====== Data provided ======
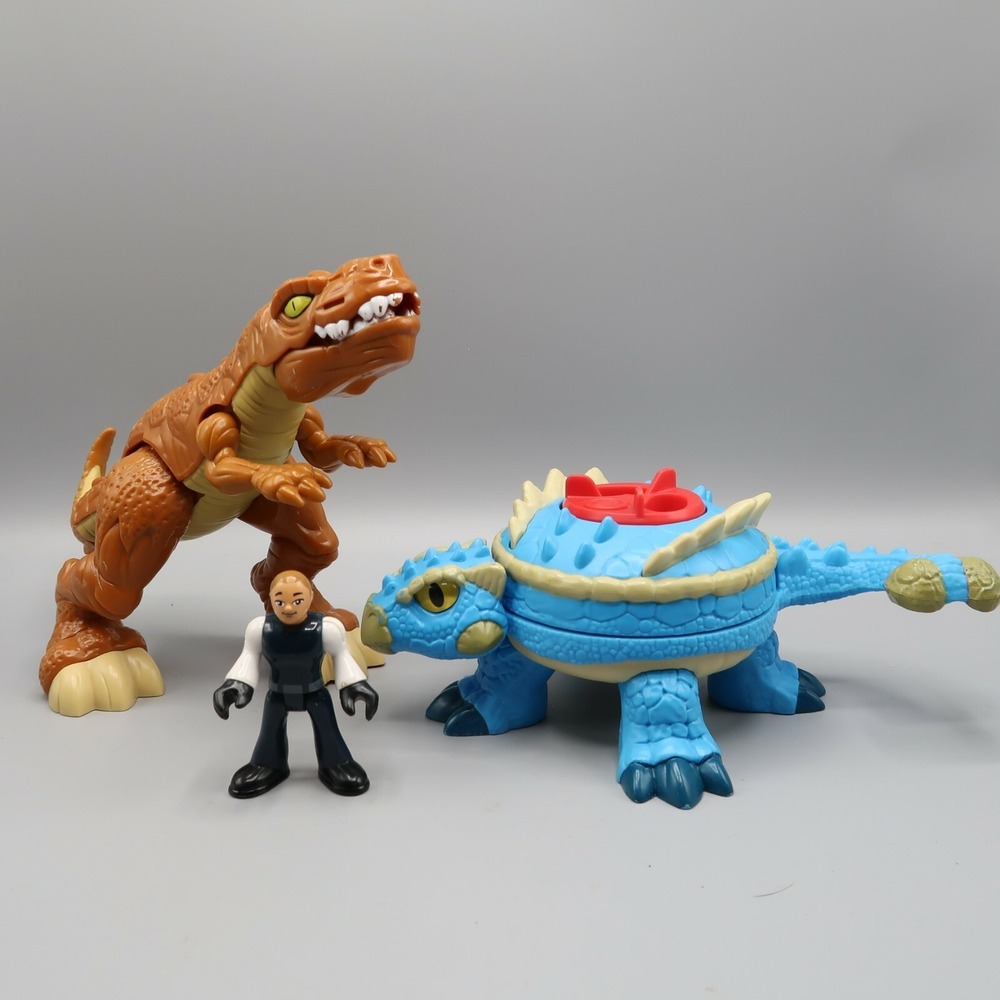 Fisher Price Imaginext Jurassic World Ankylosaurus Blue & Trex Brown Dinosaur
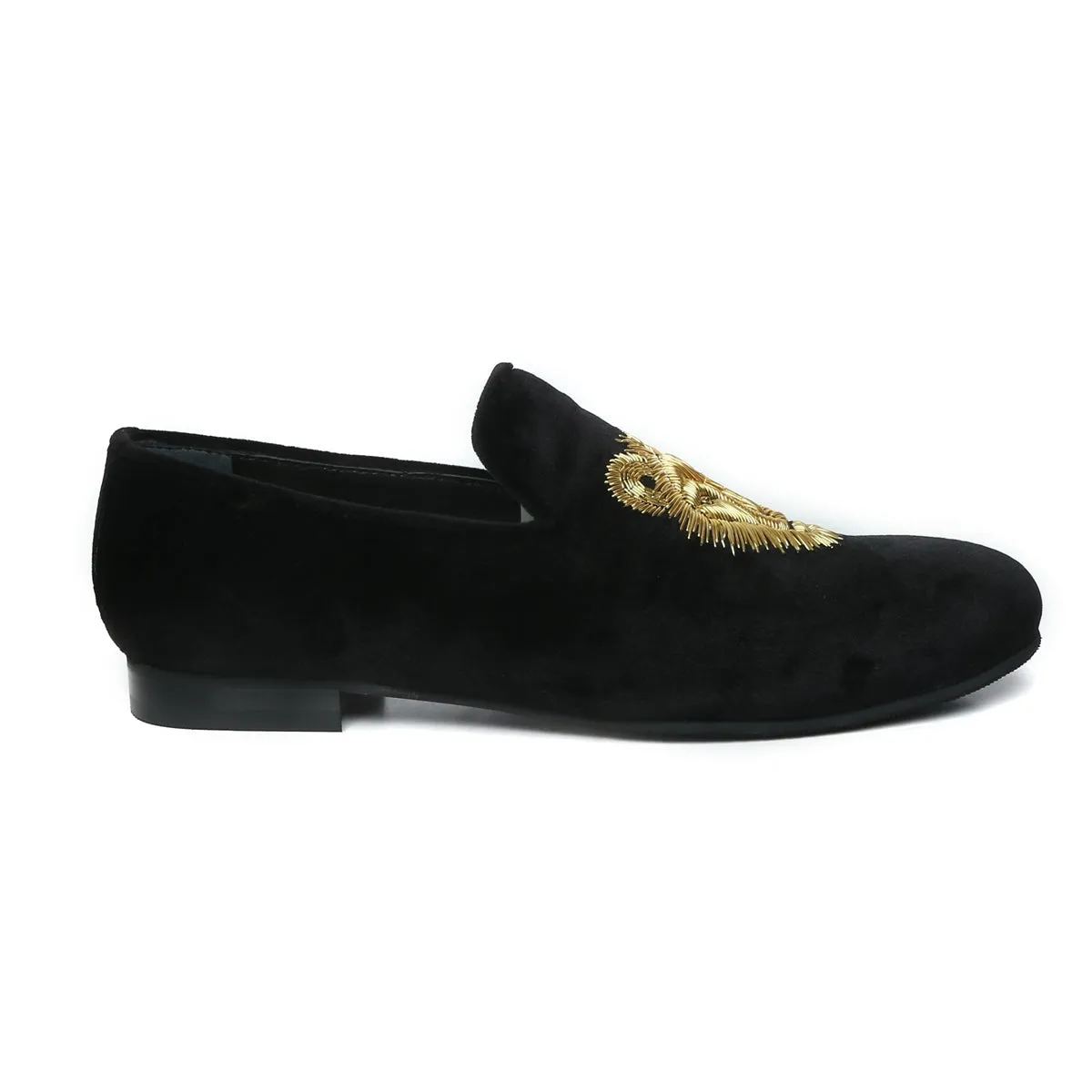 Black Velvet Slip-Ons Shoes with Golden Sleek Lion Zardosi by Brune & Bareskin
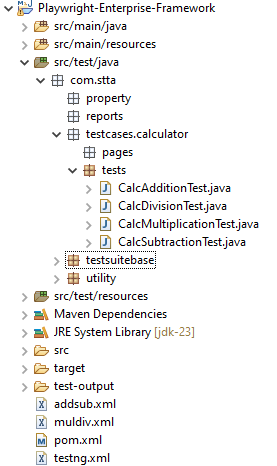 Project structure after adding new calculator test classes and multiple TestNG XML files in Playwright enterprise framework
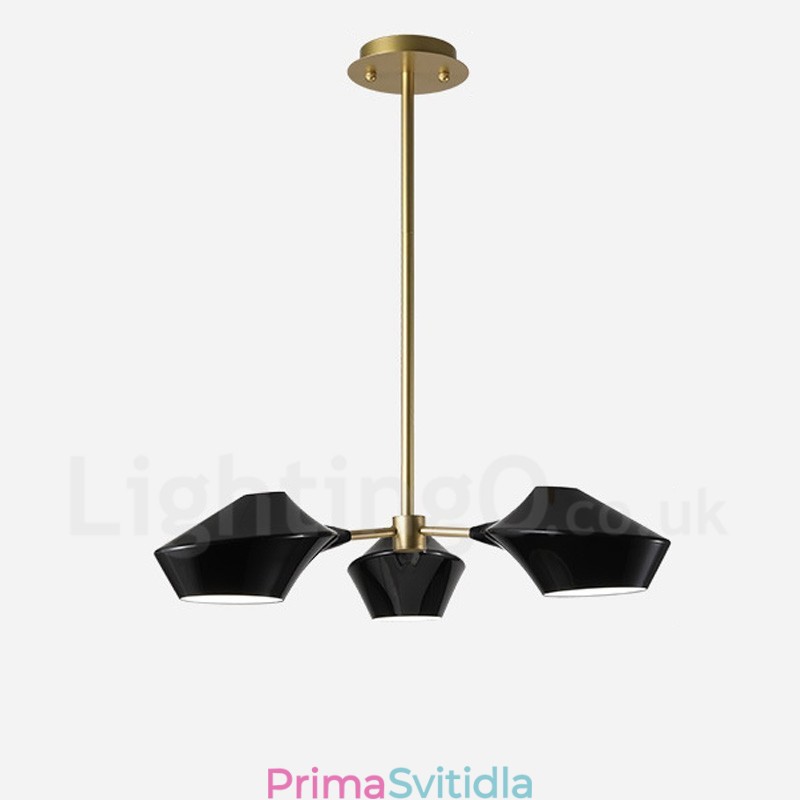 Lineární retro lustr 3 s akrylovými stínidly do venkovní garáže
======
→ Task: Return the full set of lines above word for word and with no pictures.

→ Your solution:
 Fisher Price Imaginext Jurassic World Ankylosaurus Blue & Trex Brown Dinosaur
 Black Velvet Slip-Ons Shoes with Golden Sleek Lion Zardosi by Brune & Bareskin
 Project structure after adding new calculator test classes and multiple TestNG XML files in Playwright enterprise framework
 Lineární retro lustr 3 s akrylovými stínidly do venkovní garáže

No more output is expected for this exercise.